On October 1, Meitec, like many other companies, held a ceremony welcoming the students who would join Meitec next April. This year, I was particularly thrilled to find out that there was a participant among the future members of Meitec whose parent was a Meitec engineer. This represents the first parent-child engineer pair in the history of Meitec and perhaps in the history of the entire temporary engineering staffing business. Meitec has achieved a number of “firsts” in the business, including the first among the temporary staffing services to list its shares on the stock exchange, the highest rate paid to outsourcing engineers, and the first to offer extended employment to engineers beyond their official retirement age. I’m excited about the prospect of having a parent-child engineer pair not because Meitec will be able to claim another “first” in the trade. Rather, I’m pleased from the bottom of my heart that there was a child whose parent works for Meitec, who grew up interested in becoming an engineer “just like Dad” and eventually selected Meitec as his employer.

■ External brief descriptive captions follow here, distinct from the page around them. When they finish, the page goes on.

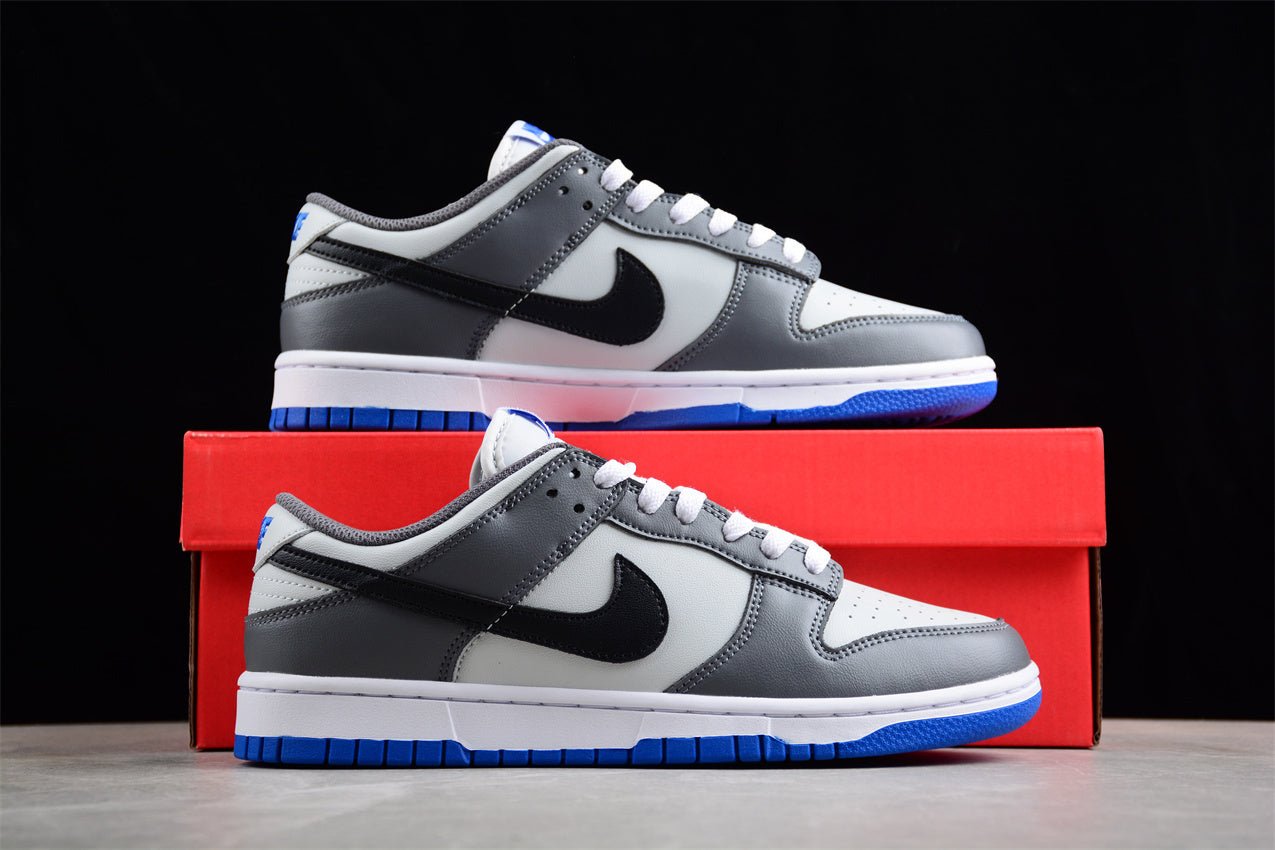 Essenza Rosa Dunk Low White / Grey / Black | sapatilhas Sole Rua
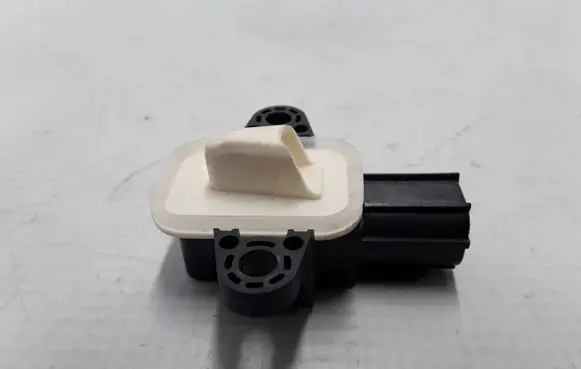 Volvo S60 Airbag deployment crash/impact sensor 30798030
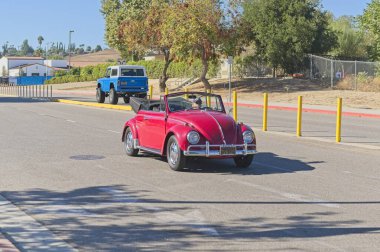 Los Angeles, Kaliforniya, ABD, 12 Ekim 2025 Volkswagen Beetle Üstü açılabilir araba Superecar Pazar etkinliği sırasında sergilenecek.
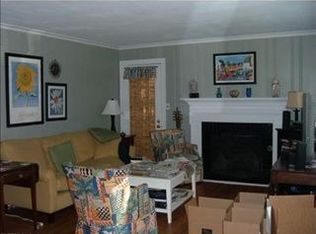 8 Meadow Dr, Newport News, VA 23606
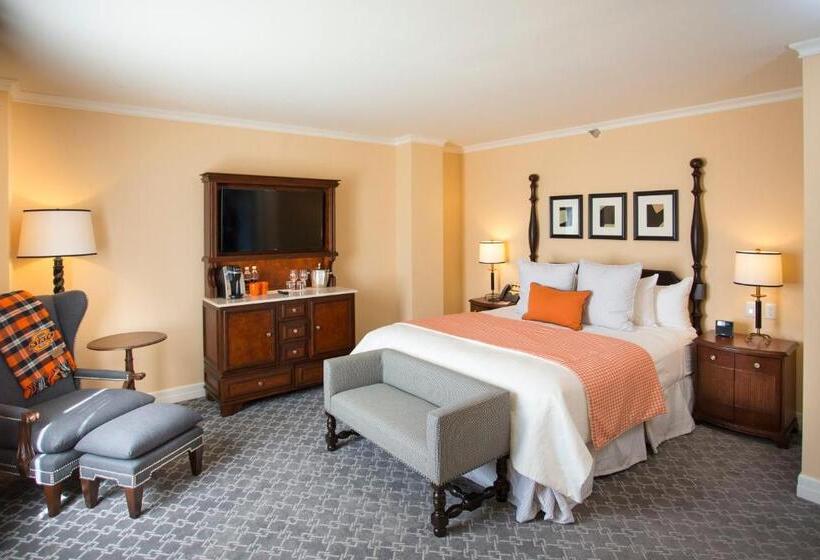 Номер Deluxe Кровать Кинг, The Atherton Hotel At Osu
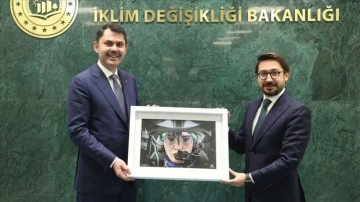 Bakan Kurum, AA Genel Müdürü Karagöz'ü bildirme etti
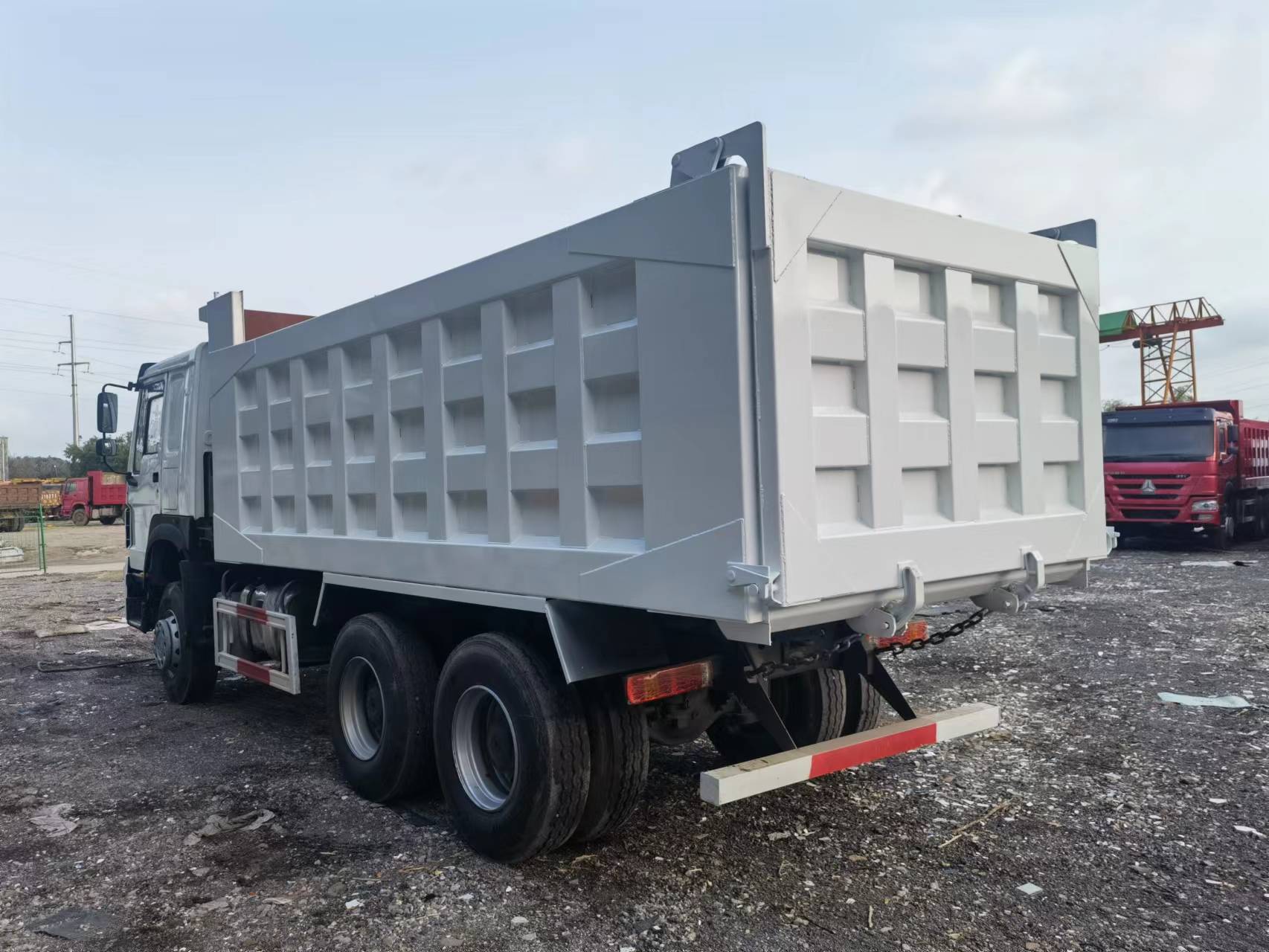 Used Howo Euro 2 371HP 375hp 40 Ton Tipper Truck 10 Wheel 6x4 Second Hand Dump Truck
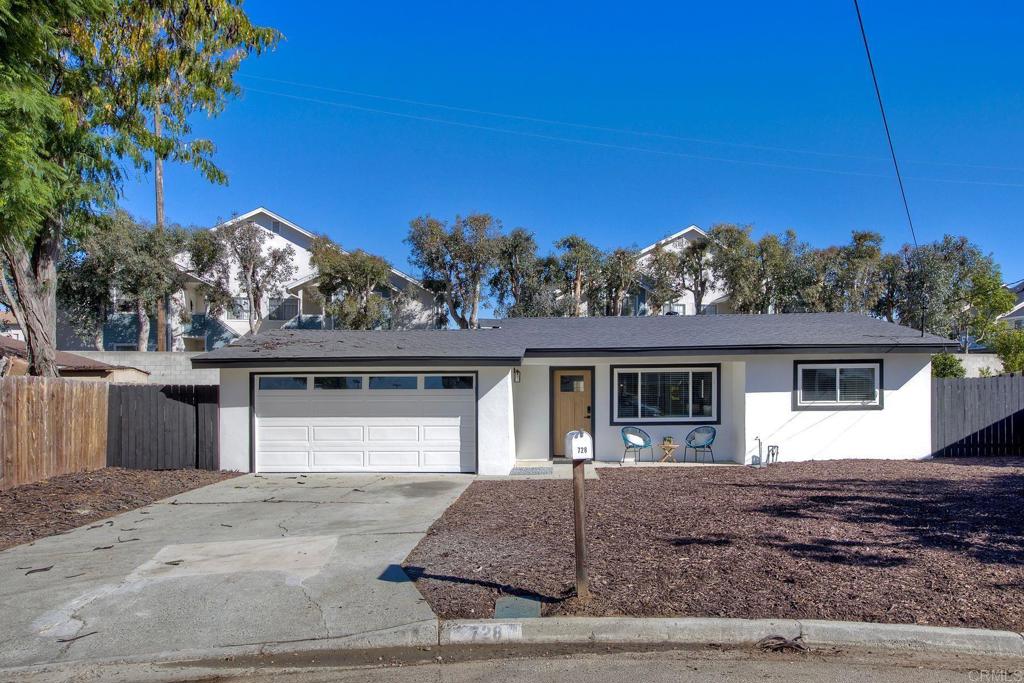 728 Hackberry Place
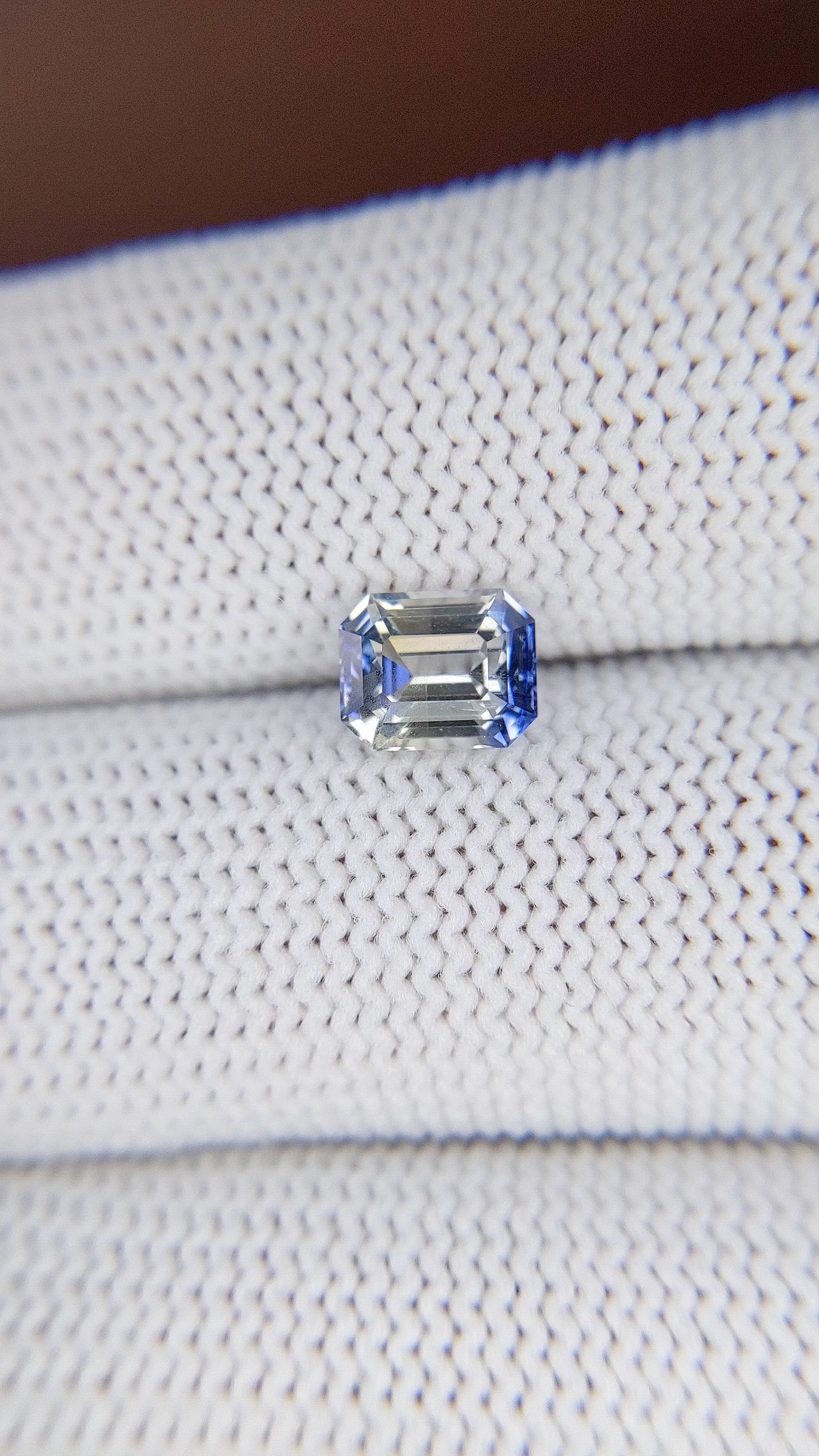 1.70 Ct. Bi Color / Parti Sapphire from Ceylon (Sri Lanka) Size Video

I believe that the Japanese labor market should pay greater respect to professions and put greater emphasis on them, and it’s indeed moving in that direction. In other words, growing importance is placed on your “profession,” separate from “the company you belong to.” When lifetime employment was the norm, the company you belonged to or the company you were working for may have been an important element in your personal life planning. However, given the current reality that no one can guarantee a company will continue forever or at least until you reach your retirement age, people are naturally shifting their attention to their individual vocation. I’m not negating the value of lifetime employment outright. But I believe it’ll be a rarity, as the realization sets in that it can’t be taken for granted from the beginning but is rather an outcome confirmed only in retrospect. In other words, the way a company sustains its growth and its capabilities to offer places and options that make employees want to stay with it longer are crucial corporate values that employees look for in a company.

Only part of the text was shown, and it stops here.